On multiple occasions I’ve torn myself away from my beloved Gilmore Girls boxset and bag of doritos to try and document my thought processes and interesting events that have happened to me in recent weeks. I sit at my laptop, fingers poised to write something quirky and relatable with just the faintest hint of indignation when I have the terrible realisation that I have nothing interesting to write about: fascinating tales about spending a Saturday morning with toothpaste in my eye isn’t going to make J.K Rowling start quaking in her boots.
As the self-indulgent fear of leading a mundane life, which can’t be documented in a humorous tone over the internet clouds any desire to blog, I’ve decided to make a change in my life. I’m going to become a better person so that karma helps me win the lottery and attend yacht parties with Taylor Swift. Also, doing good deeds is rewarding, as there’s no greater pleasure in life than being able to help other people, obviously.
First port of call: giving up my seat on public transport. Not to worry, I’m not a complete monster, I already make sure that no elderly people are left clutching their walking stick whilst I stare at the floor and ignore any pangs of guilt. Rather, I plan to broaden my horizons and become the Florence Nightingale of public transport, ready to give up my seat at a moments notice to anyone in need! Not only do I burn extra calories per minute but I also gain a full view of any attractive men on the train that I might accidentally bump into whilst struggling with my tights and cape. Everyone’s a winner!
For now though, I’m so exhausted from all of the thinking about becoming a more fully-functioning human I’ve been doing, that I simply must put myself to bed with a cup of tea and Buffy the Vampire Slayer. It’s good to be back!
As it’s almost the middle of July, and my desire to cry and drink Pimm’s is at an all-time high, I’ve finally decided to admit defeat and join the rest of the world in celebrating summer. Unfortunately, my wardrobe doesn’t quite match my mind set; I’d love to spend the next few months wearing woollen tights and oversized cat t-shirts but both society and the weather seem to frown upon that.
In search of a solution to my clothing issues, I spent the afternoon shopping for pieces that would further my plans to emulate the current queen of boho, Vanessa Hudgens.

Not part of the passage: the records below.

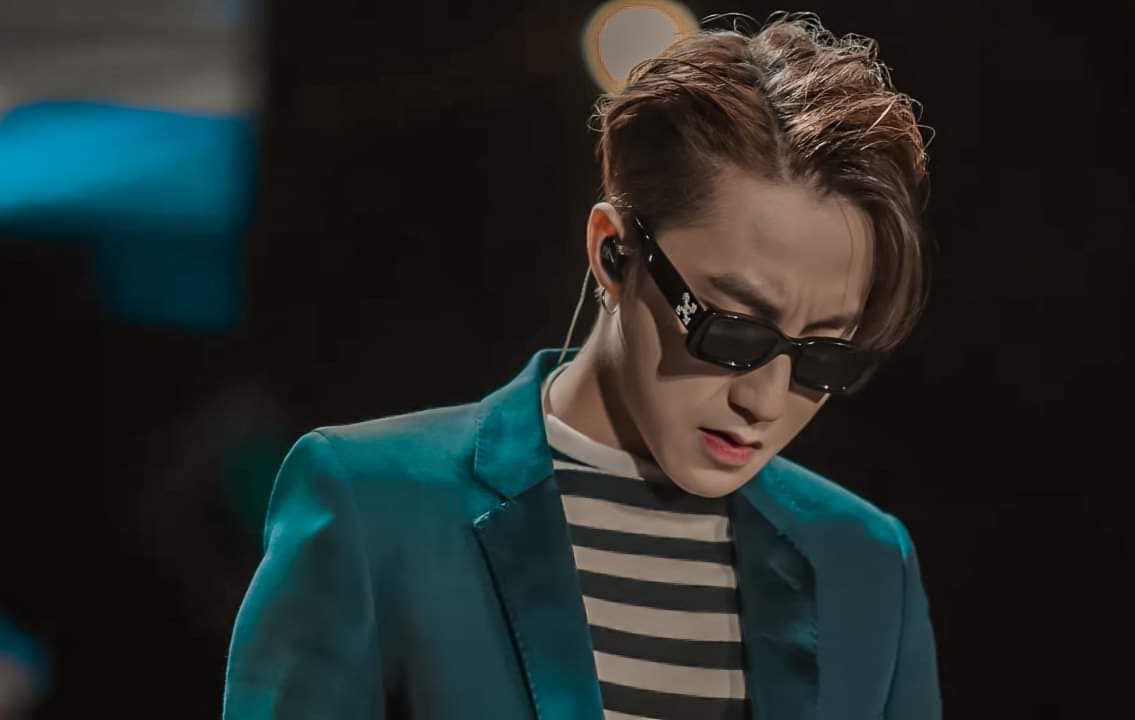 sơn tùng đeo kính OFF-WHITE BLACK ARTHUR SUNGLASSES OERI016C99PLA0011007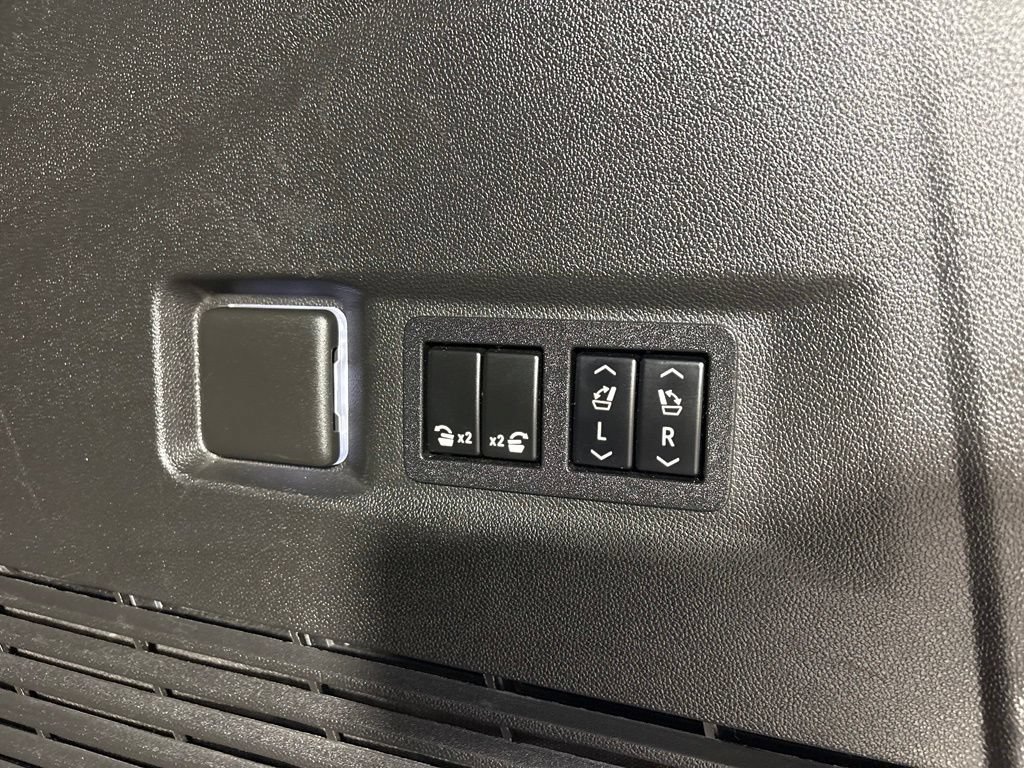 Used 2021 GMC Yukon Denali w/ Denali Premium Package RWD image 61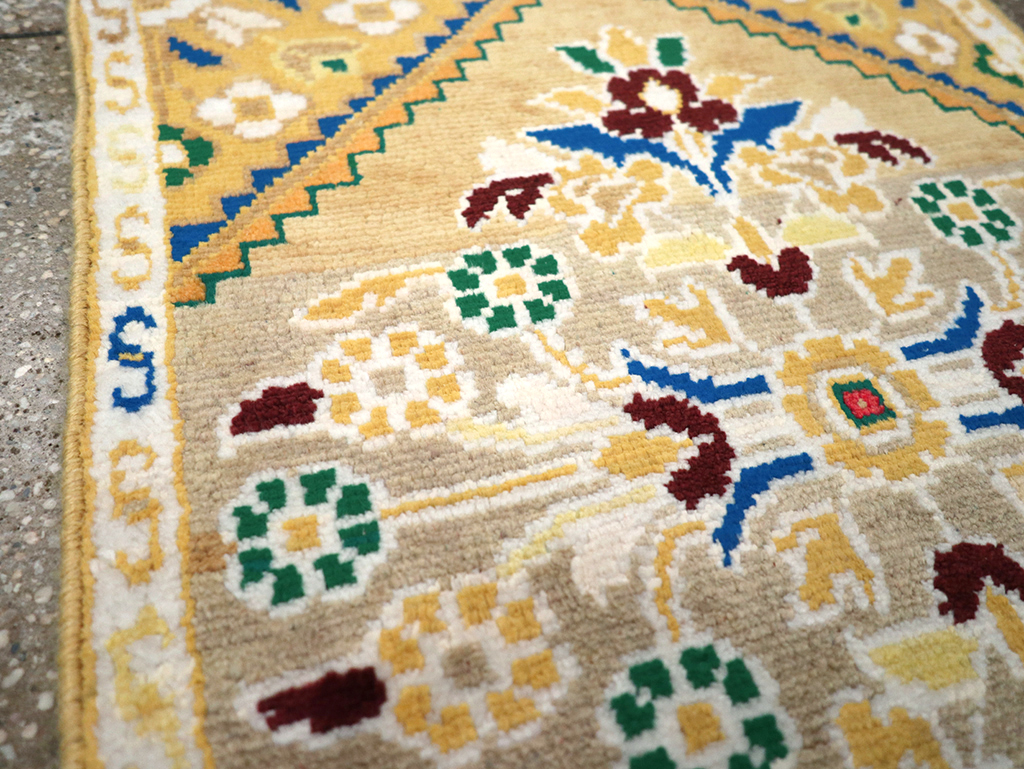 mahal Rug - # 105732
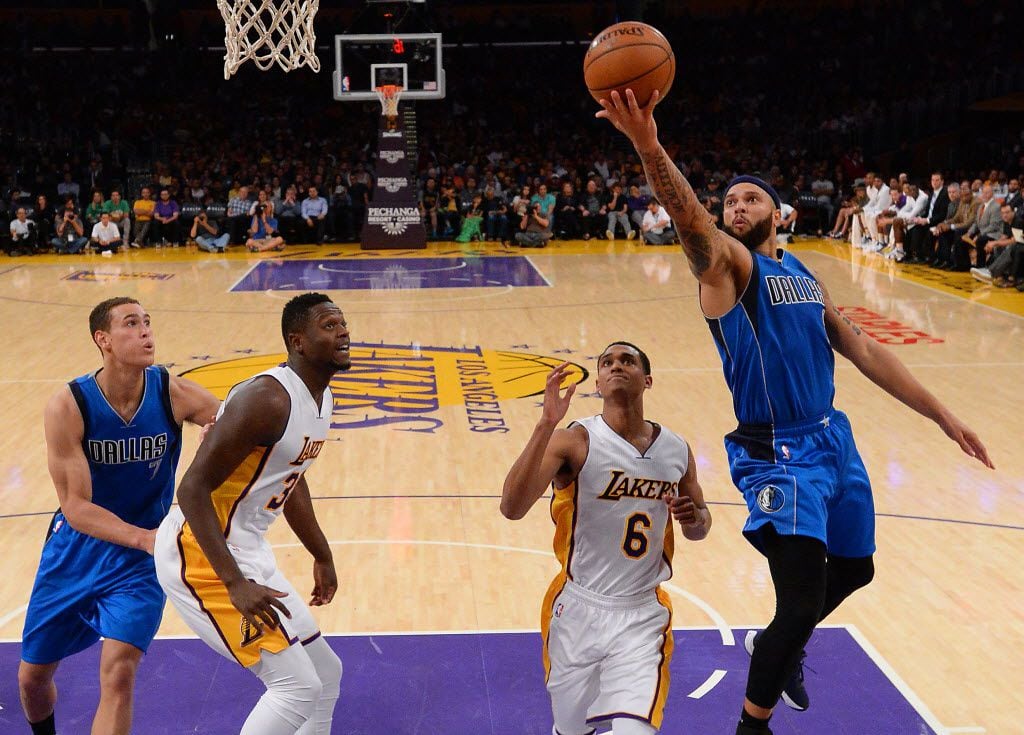 Nov 1, 2015; Los Angeles, CA, USA; Dallas Mavericks guard Deron Williams (8) makes a basket...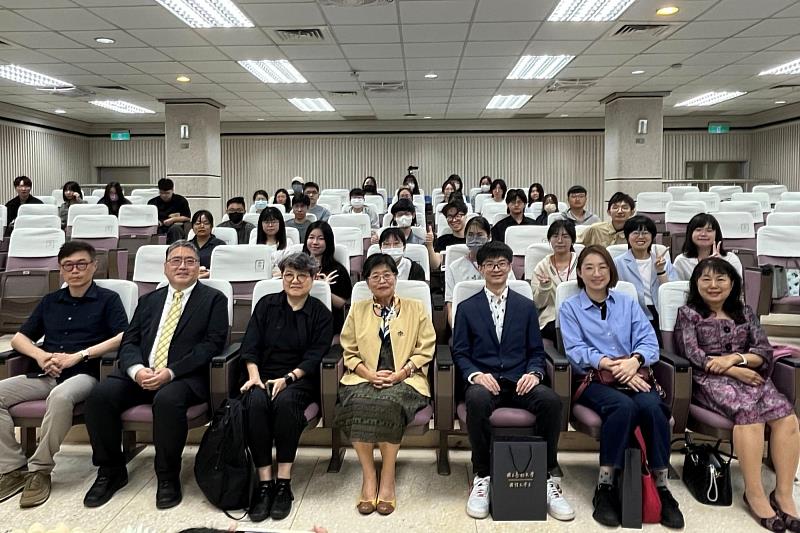 南大辦理松濤文藝獎決審會，邀集文壇與書藝專家參與評選與講評，呈現校園豐富多元的文藝創作能量。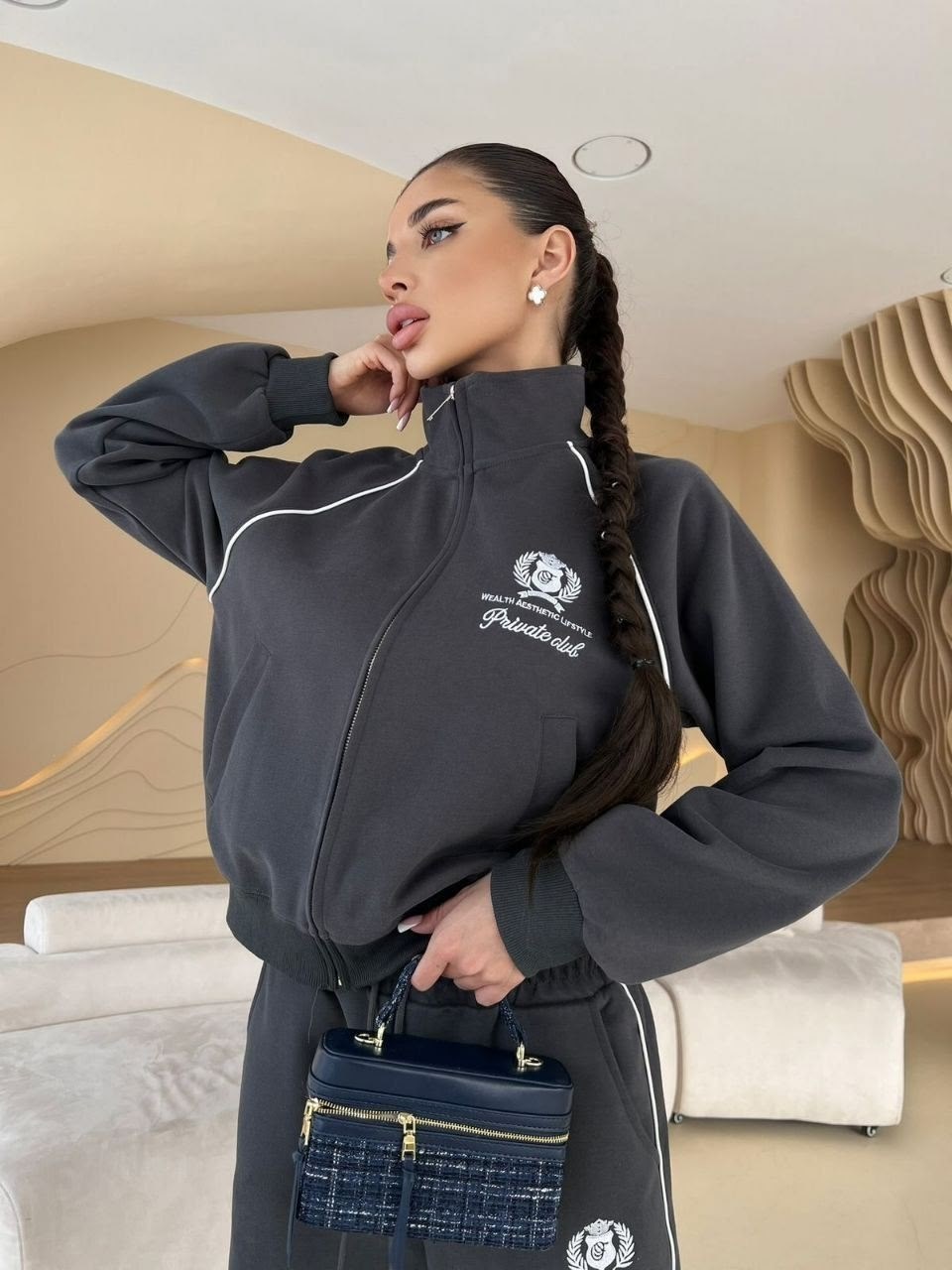 женский спортивный костюм,белый спортивный костюм в стиле celine,стильные костюмы,костюм спортивный,женский костюм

However, whilst trying on a multitude of patterned dresses and kimonos, I spotted something that changed any plans I had to look summer chic: Harry Potter t-shirts.
After 15 minutes of sitting on the changing room floor, torn between the Hufflepuff and Slytherin shirts, both two sizes too small for me, I realised: selecting my summer wardrobe is the least of my problems.
Accepting compliments isn’t my strong suit. In my head, I flutter my eyelashes and flick my hair with a confident-sounding “thank you for the kind words” but the reality is rather different.
Quite often, I find myself attempting to justify the way I look to the person flattering me in a bizarre tirade, filled with insecurity and self-doubt.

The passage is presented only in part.